§ Data for review:
"""

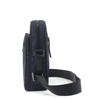 Shoulder Bag for Men, Nylon Microfiber Crossbody Bag Messenger Bag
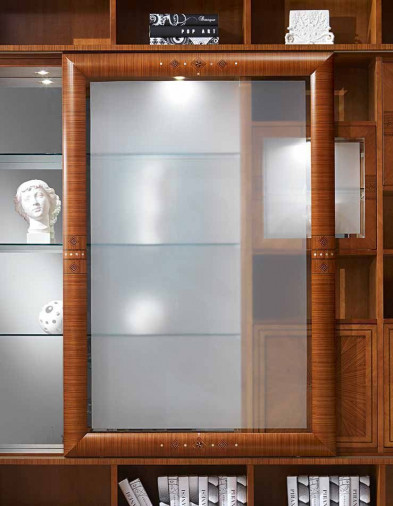 Библиотека Pois Vl27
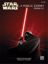 WILLIAMS:STAR WARS A MUSICAL JOURNEY EPISODES I-VI BIG NOTE PIANO EASY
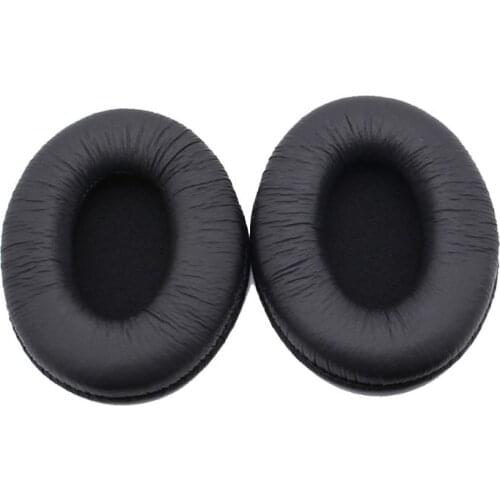 Earpad Ear Pad Earphone Soft Foam Cushion Headband Cover Head Band Replacement for sennheiser HD202 HD212 HD437 HD447 HD457 HD47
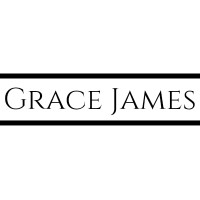 Grace James logo - Similar company to Sujyoti
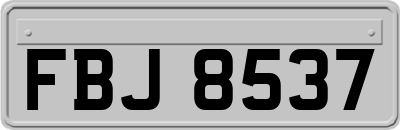 FBJ8537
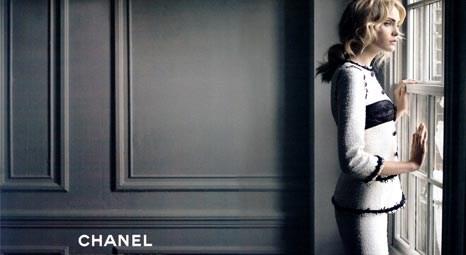 Chanel İstanbul’da 16. mağazasını açtı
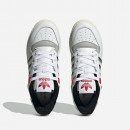 Buty damskie sneakersy adidas Originals Rivalry Low 86 W HQ7022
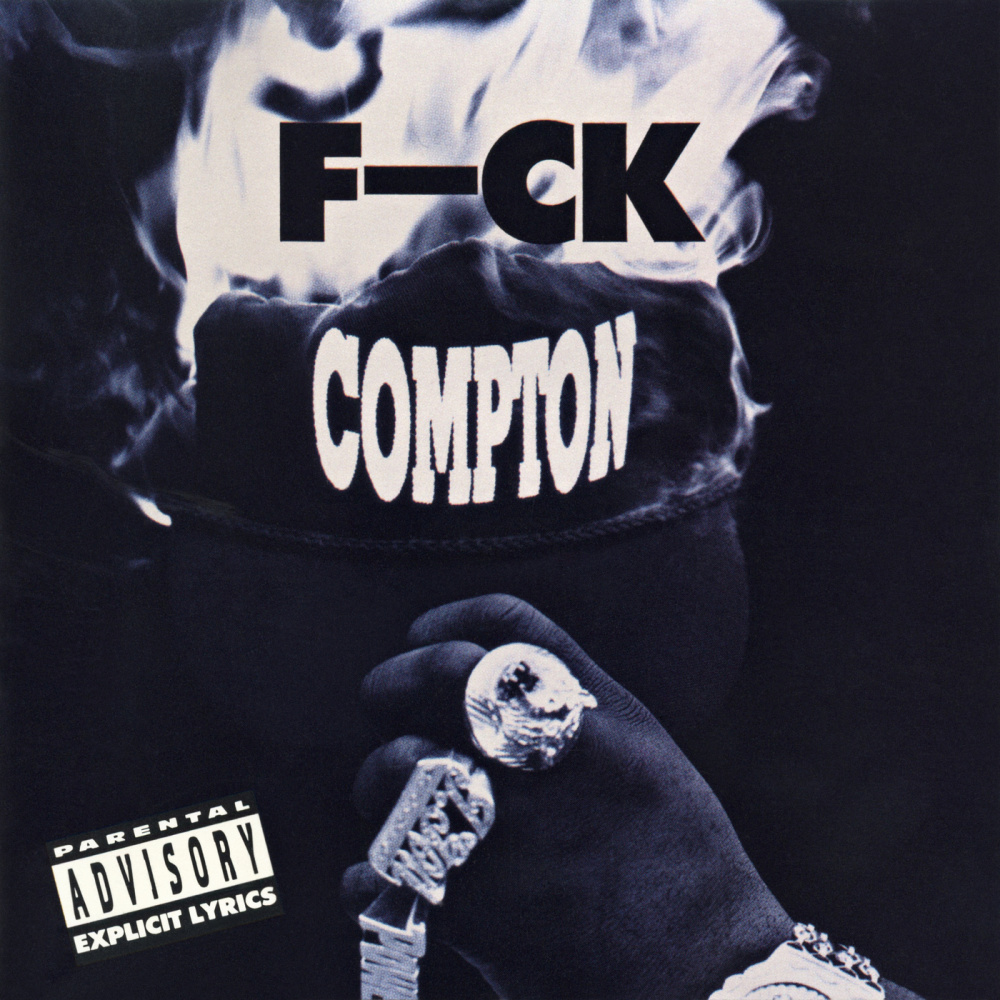 Fuck Compton (A Cappella) (A Cappella|Explicit)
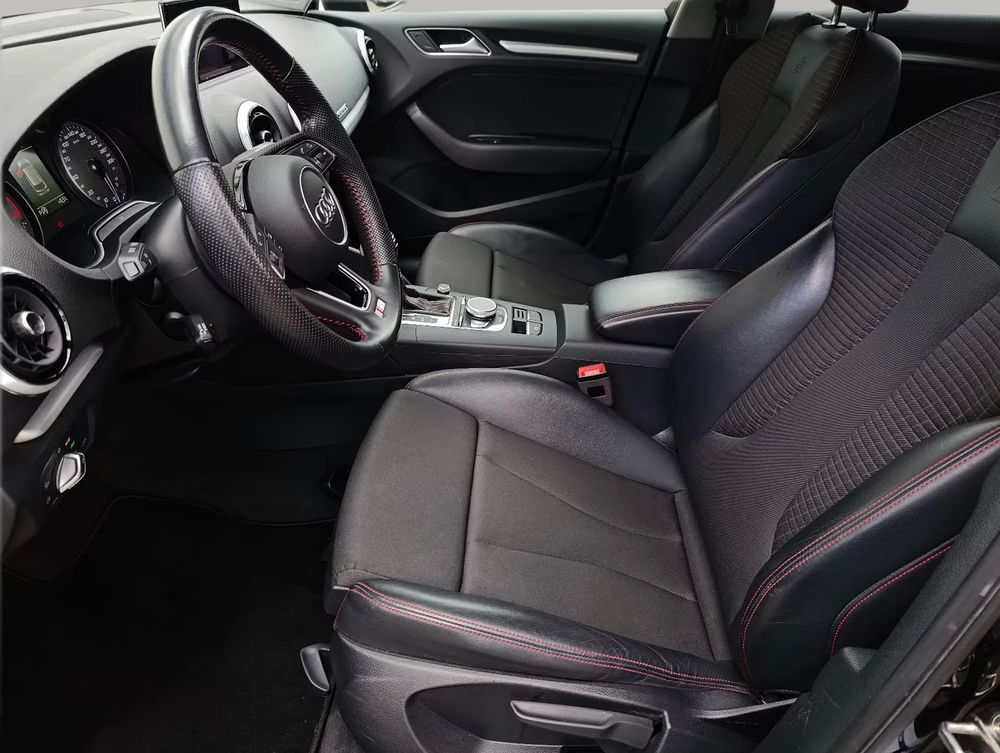 S3 Sportback 2.0 TFSI 300ch 2019 occasion 33600 Pessac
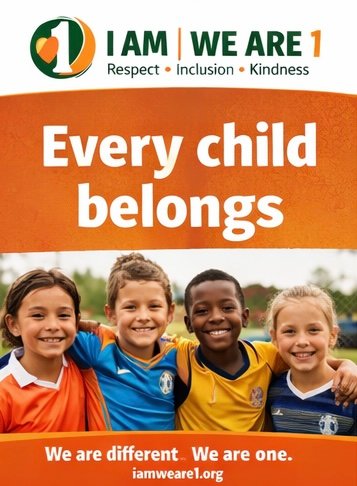 every child belongs social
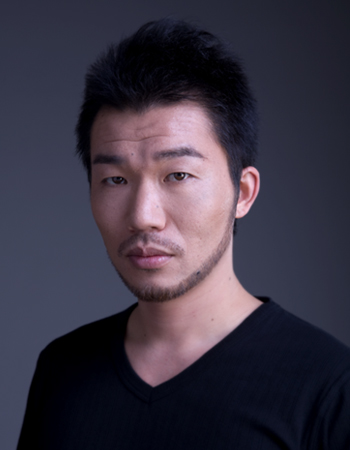演员:高桥努 演员:高桥努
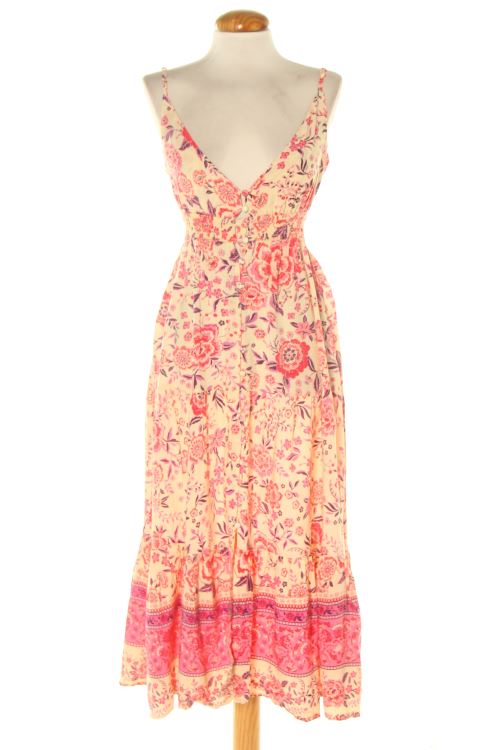 Robe casual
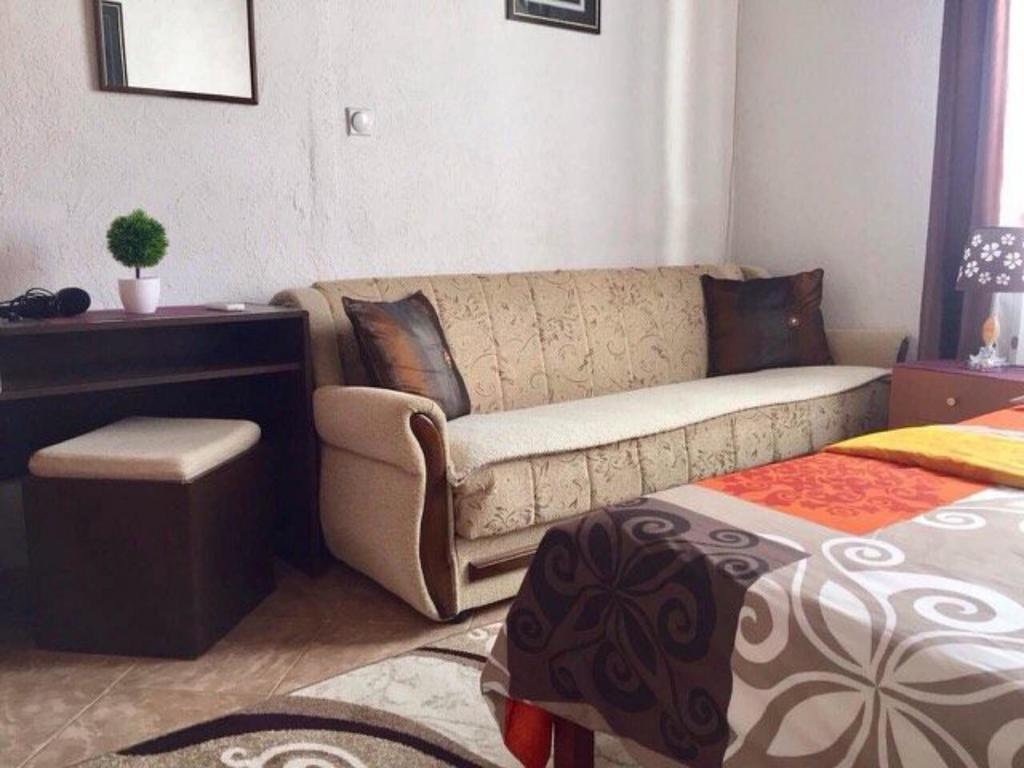 Apartments Zuto Ulcinj Zewnętrze zdjęcie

"""

Each entry is to be returned precisely as it appears, but the pictures are to be dropped.

§ Output:
 Shoulder Bag for Men, Nylon Microfiber Crossbody Bag Messenger Bag
 Библиотека Pois Vl27
 WILLIAMS:STAR WARS A MUSICAL JOURNEY EPISODES I-VI BIG NOTE PIANO EASY
 Earpad Ear Pad Earphone Soft Foam Cushion Headband Cover Head Band Replacement for sennheiser HD202 HD212 HD437 HD447 HD457 HD47
 Grace James logo - Similar company to Sujyoti
 FBJ8537
 Chanel İstanbul’da 16. mağazasını açtı
 Buty damskie sneakersy adidas Originals Rivalry Low 86 W HQ7022
 Fuck Compton (A Cappella) (A Cappella|Explicit)
 S3 Sportback 2.0 TFSI 300ch 2019 occasion 33600 Pessac
 every child belongs social
演员:高桥努 演员:高桥努
 Robe casual
 Apartments Zuto Ulcinj Zewnętrze zdjęcie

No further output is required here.